Conversely, student-athletes who have outkicked their scholarships at a mid-major can enter the portal for a fresh start at a power program — and potentially a substantial payday.
But it’s been fantastic the athlete. It’s why, according to Front Office Sports, nearly 4,000 players in men’s and women’s college basketball entered the most recent transfer portal, the highest number of players in a year in the history of the NCAA.
Truth Harris takes a few shots inside La Salle’s TruMark Financial Arena earlier this year. Harris joined the Explorers in the offseason, his fifth school in five years.
One of those players is Truth Harris, a graduate guard who followed new La Salle coach Darris Nichols after he succeeded Big 5 legend Fran Dunphy in March.

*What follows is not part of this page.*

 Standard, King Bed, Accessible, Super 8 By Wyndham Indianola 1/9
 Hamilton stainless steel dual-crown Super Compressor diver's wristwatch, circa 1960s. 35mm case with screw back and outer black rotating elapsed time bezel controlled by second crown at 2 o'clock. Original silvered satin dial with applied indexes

For Harris, 23, his fresh start with the Explorers was his third Division I program and his fifth school since 2020.
After his start at East Tennessee State, Harris, a Mt. Vernon, N.Y., native, who led Mount Vernon High School to a state title in 2017, spent two years at junior colleges, Pensacola State and Indian Hills Community College, where he starred. It afforded Harris a spot with Nichols at Radford ahead of the 2023 season — and he has been alongside him ever since.
While Harris sees these moves as opportunities, there are some within college sports who view them as exploitation and a lack of control by governing bodies.
Harris, who noted that his move to La Salle was paired with a five-figure sum through NIL opportunities, is why many students like him see the portal as a better way to navigate a college career.
“It was always going to get to this eventually,” Harris said in a sit-down with The Inquirer this summer. “I feel like students do deserve the recognition, do deserve the money. As student-athletes, we do go through a lot. We push our limits. We have to get paid for that. So, yeah, I think [the new reality of college sports is] right where it should be.”
This season’s top earners likely would agree. The highest paid hooper, BYU guard AJ Dybantsa, is earning $4.4 million this year, according to On3’s NIL valuations. The top 10 earners in men’s college basketball, according to that list, stand to make over $1 million this season.
It’s a far cry from the days in which the guarantee of a college scholarship was the allure.
These days, that comes standard.
Student-athletes are guided by the promise of a payday, with the masses who continue to jump into the transfer portal serving as proof.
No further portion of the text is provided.